Jack Harris NDP St. John's East, NL

Thank you very much.

Thank you to our witnesses for your evidence on this very crucial topic. We have, of course, the obligations under the ATT and obligations under the legislation, and as has been pointed out, there are some differences. There's something I'd like to ask, though, before I get to that.

We're talking here, in the case of Turkey, about drones and drone technology. We know that we don't need to see, by your own analysis, patterns of violations to establish a substantial risk, just a substantial risk itself. Does the drone technology per se involve a substantial risk of violations of international human rights obligations, or obligations under the treaty? I invite you all to have a quick yes or no on that because I think that in some cases it's regarded as being a violation. It's surely the case with Libya, where it's an embargo situation—yes, of course—but does that have to be assessed on a country by country basis, or does it have to have serious end-user requirements or knowledge before it can be assessed?

Perhaps we'll start with Amnesty International.

5:20 p.m.

Human Rights Law and Policy Campaigner, Amnesty International Canada

Justin Mohammed

Thank you for the question, Mr. Harris. My colleagues, I think, from Project Ploughshares and potentially Rideau Institute will have more to say.

One thing I would just mention that's important in that connection, particularly in the Turkish context, is article 7(7) of the ATT, which talks about the notion that even after an export has been granted, the state party should then continually renew the information as more of it comes out. I think that's one of the useful pieces that would come in, in the Turkish context.

5:20 p.m.

NDP

Jack Harris NDP St. John's East, NL

That's a subsequent question that I want to get into. That is part of the requirements of the ATT but it's not a part of Canadian law, so I think that's something important.

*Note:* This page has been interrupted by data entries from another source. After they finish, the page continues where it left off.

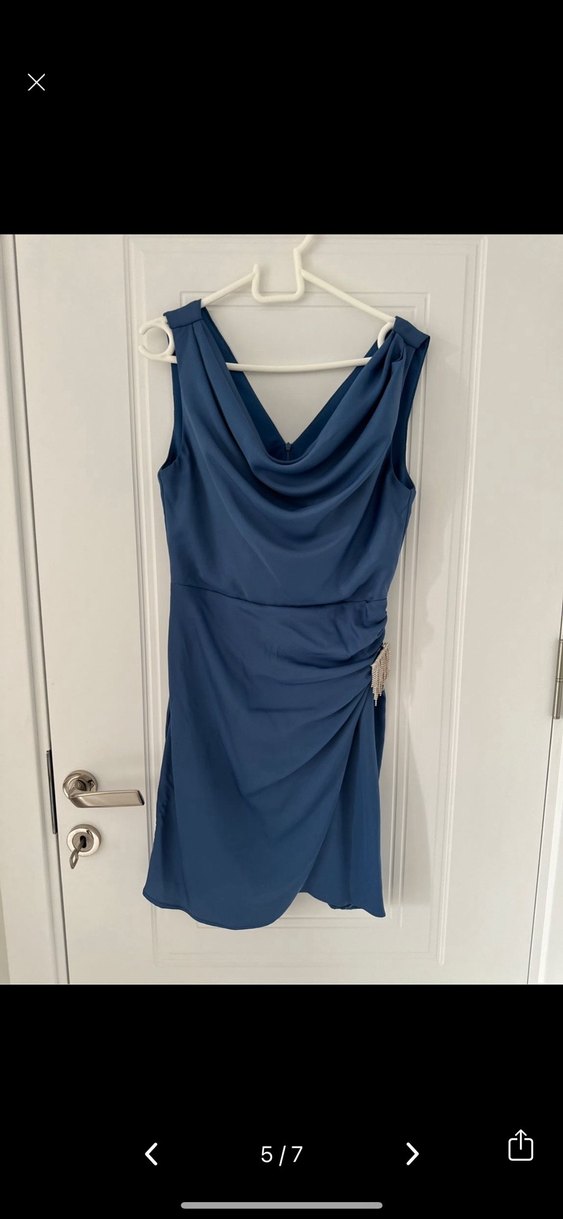 Mavi Drapeli kısa abiye - Görsel 5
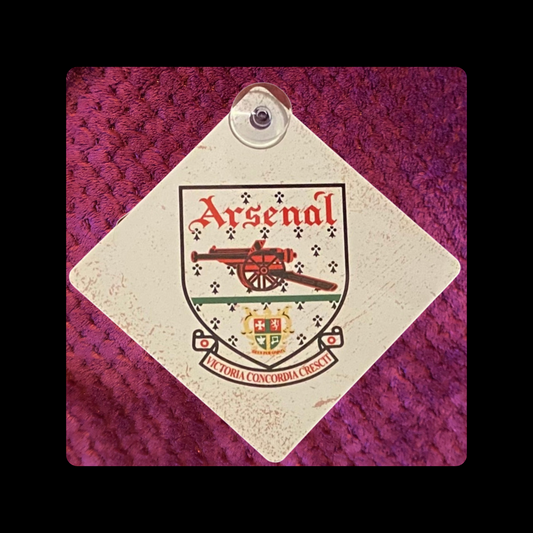 Arsenal 1990-1993 Badge Metal Window Sign 14cm x 14cm (Includes Suction Hook)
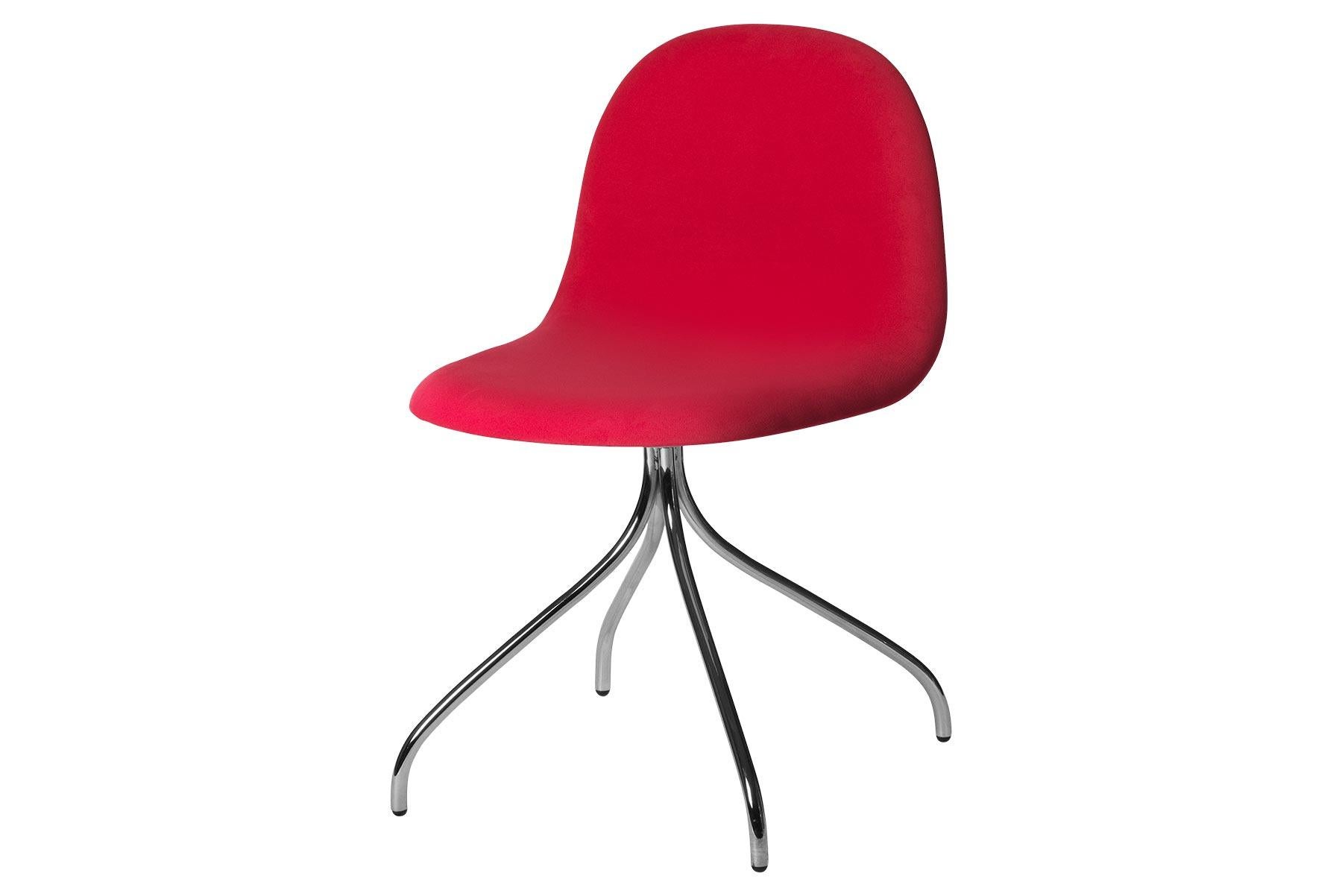 Polished 3D Meeting Chair, Front Upholstered, Chrome Swivel Base For Sale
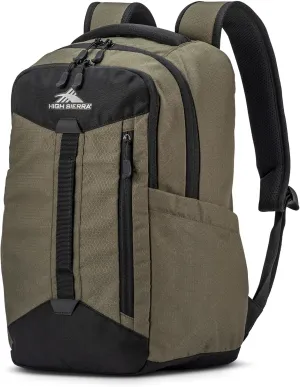 High Sierra Large Backpack Reflective Accent Comfortable Mesh Back School Bag with Tablet Device Sleeve and Adjustable Straps, Olive Green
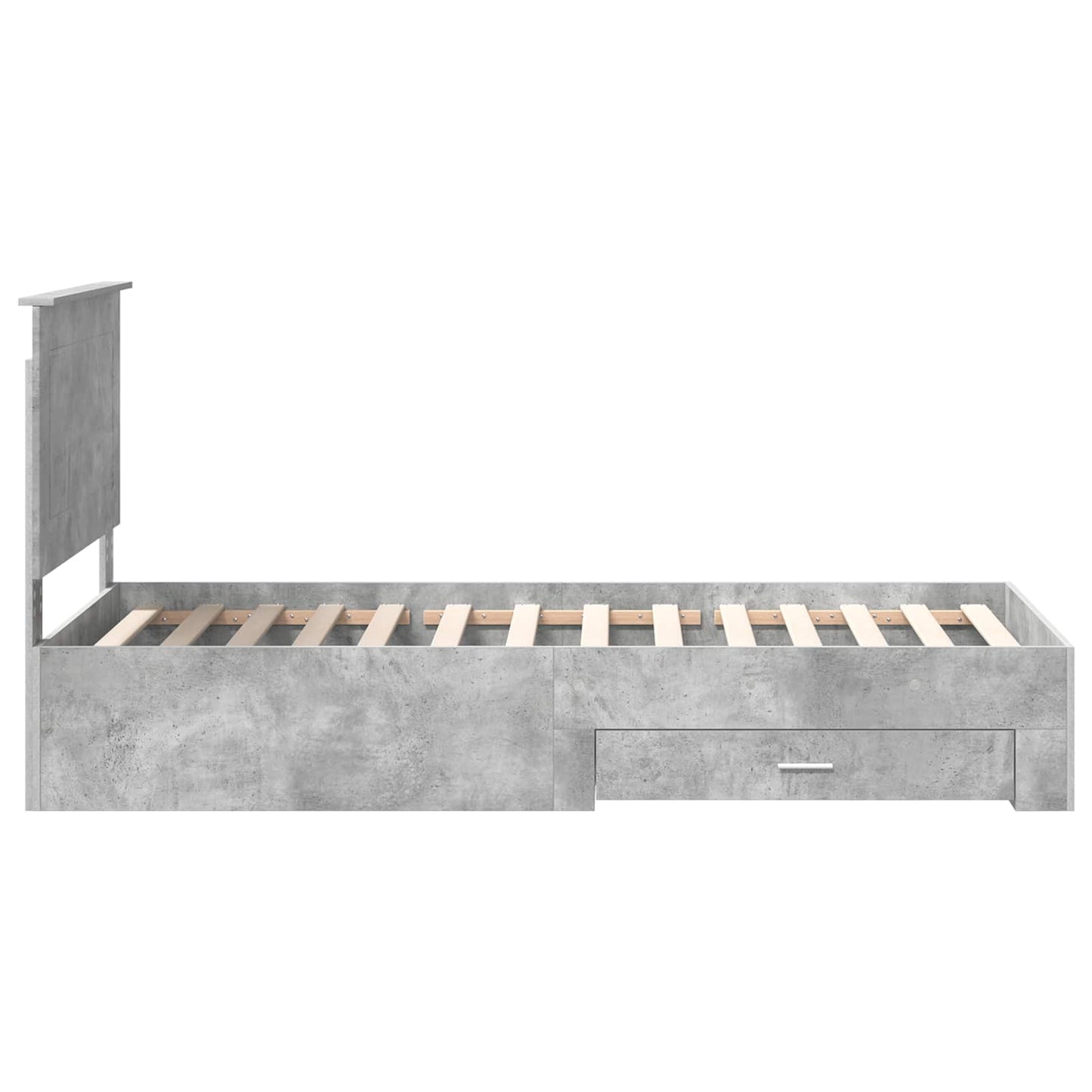Sengestamme med hodegjerde Betonggrå 90 x 200 cm Konstruert tre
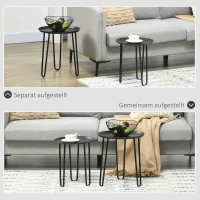 HOMCOM 2er-Set Beistelltische im Skandi-Design, Couchtische, Haarnadelbeine, Schwarz(m-4)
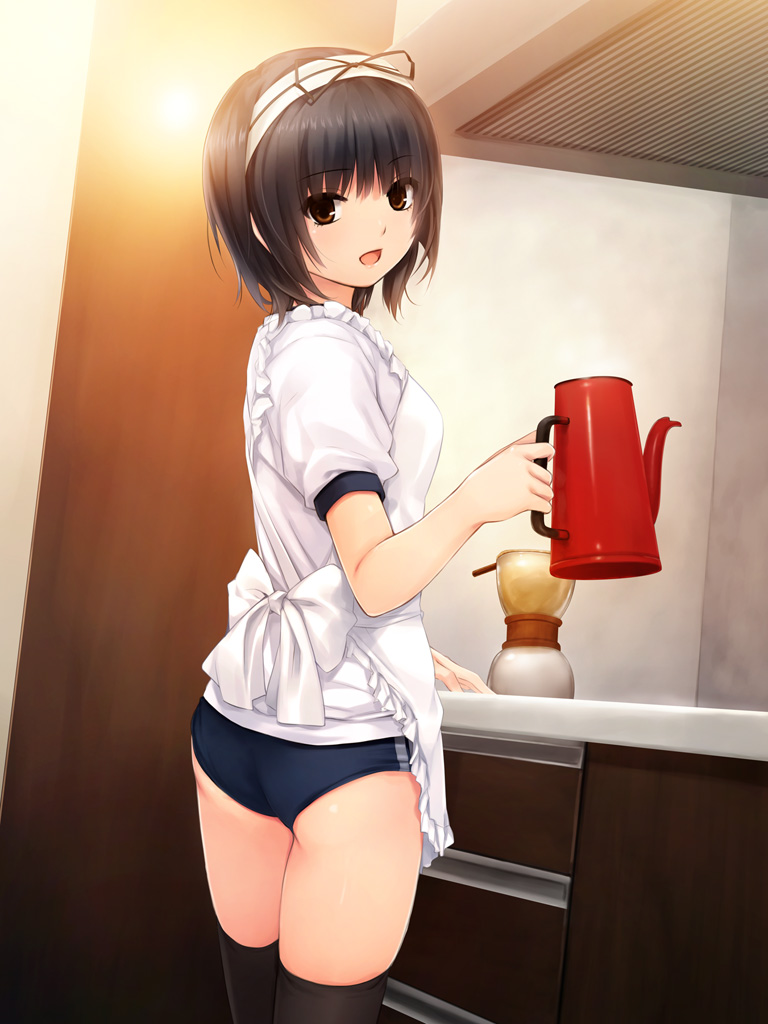 :d aoyama_sumika apron bangs black_hair black_legwear brown_eyes buruma coffee-kizoku cowboy_shot eyebrows_visible_through_hair gym_uniform hairband holding indoors kettle kitchen looking_at_viewer looking_back open_mouth original short_hair short_sleeves smile solo thighhighs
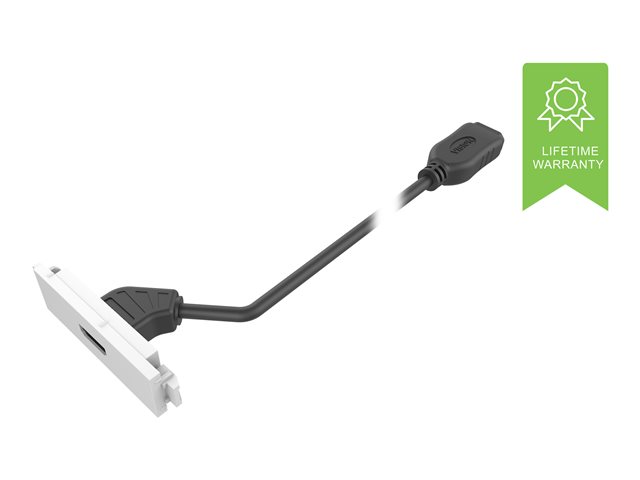 VISION Techconnect Modular AV Faceplate - LIFETIME WARRANTY - HDMI module - female socket on front with tail at rear with female connector - HDMI v2.0 - 4K @ 30 Hz - AWG 28 - total length 200 mm / 7.8\" - fixes into Techconnect surrounds - plastic - white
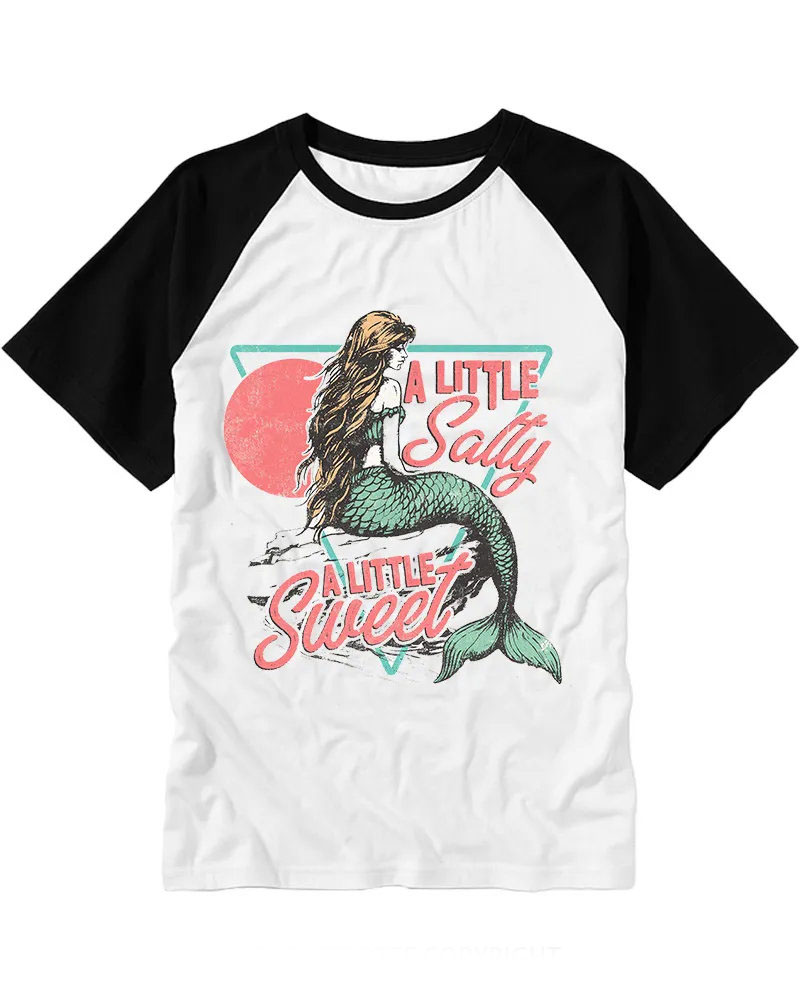 Retro Mermaid Sunset Raglan Tee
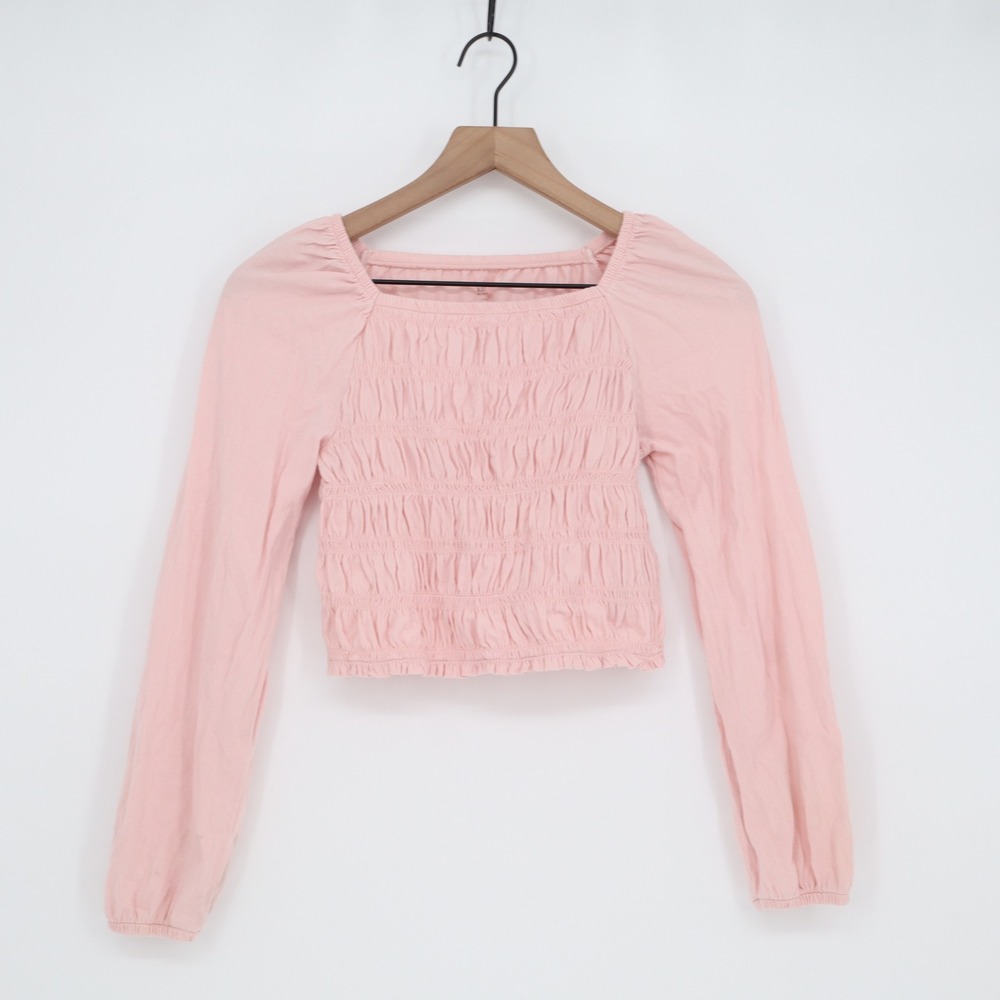 Gap Top Girls L 10 Smocked Square Neck Pink Long Sleeve Cotton Good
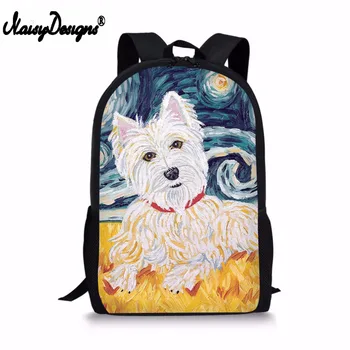 

NOISYDESIGNS Customized Backpack For Boys Girls Kawaii Westie Dog Printing Plecak School Supplies Women Bags Men Laptop Rucksack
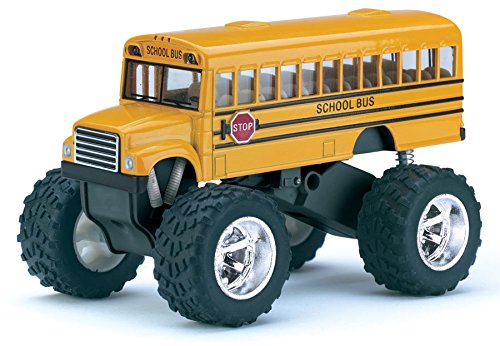 5 Monster School Bus Die Cast Metal Model, Pullback Action Toy Monster Truck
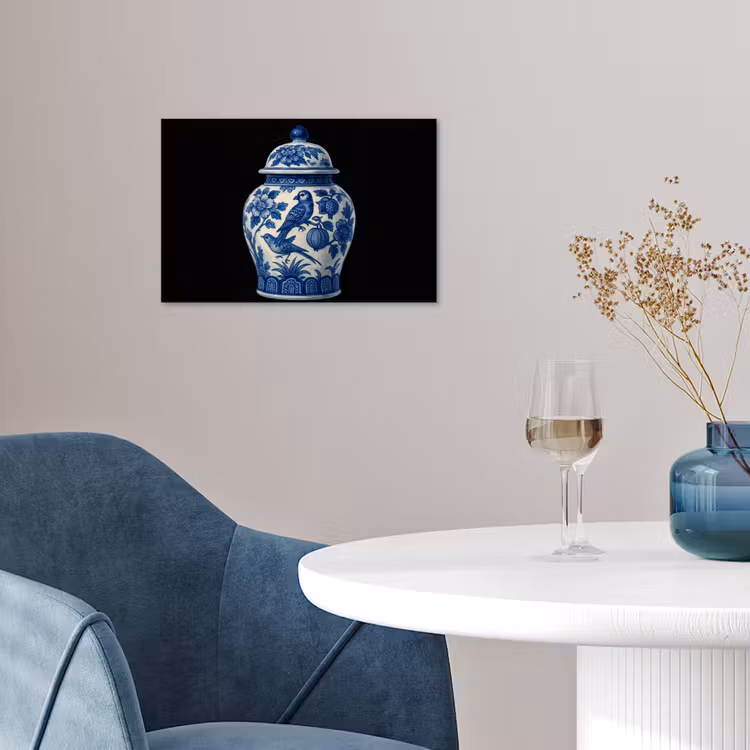 Poster - Pot - Delfts Blauw - Bloemen — 4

To Project Ploughshares, would your representatives tell us whether you think the drone technology itself is.... Obviously it's subject to significant human rights violations, but would you consider it to be a weapon that particularly exposes substantial risk?

5:20 p.m.

Executive Director, Project Ploughshares

Cesar Jaramillo

Yes, it is, with the caveat that exports need to be assessed on a case-by-case basis. The technology alone paints part of the picture, but you need to look at the nature of the recipient and any related precedents that would paint the full picture around risk.

5:20 p.m.

NDP

Jack Harris NDP St. John's East, NL

Thank you.

5:20 p.m.

Researcher, Project Ploughshares

Kelsey Gallagher

Just to add to that, I would agree. This is a case-by-case basis, but it is exported as a weapon and it certainly is a weapon.

Once again, just to touch on a point I made earlier, this technology is critical for the recipient to be able to launch modern air strikes. Without these, the drones that Turkey was using in Libya, in Nagorno-Karabakh, in Syria and in Iraq, would be incapable of launching modern air strikes as we know them.

Not only are these exported as weapons but they should be seen as proper weapons due to the capabilities that they bring to the table.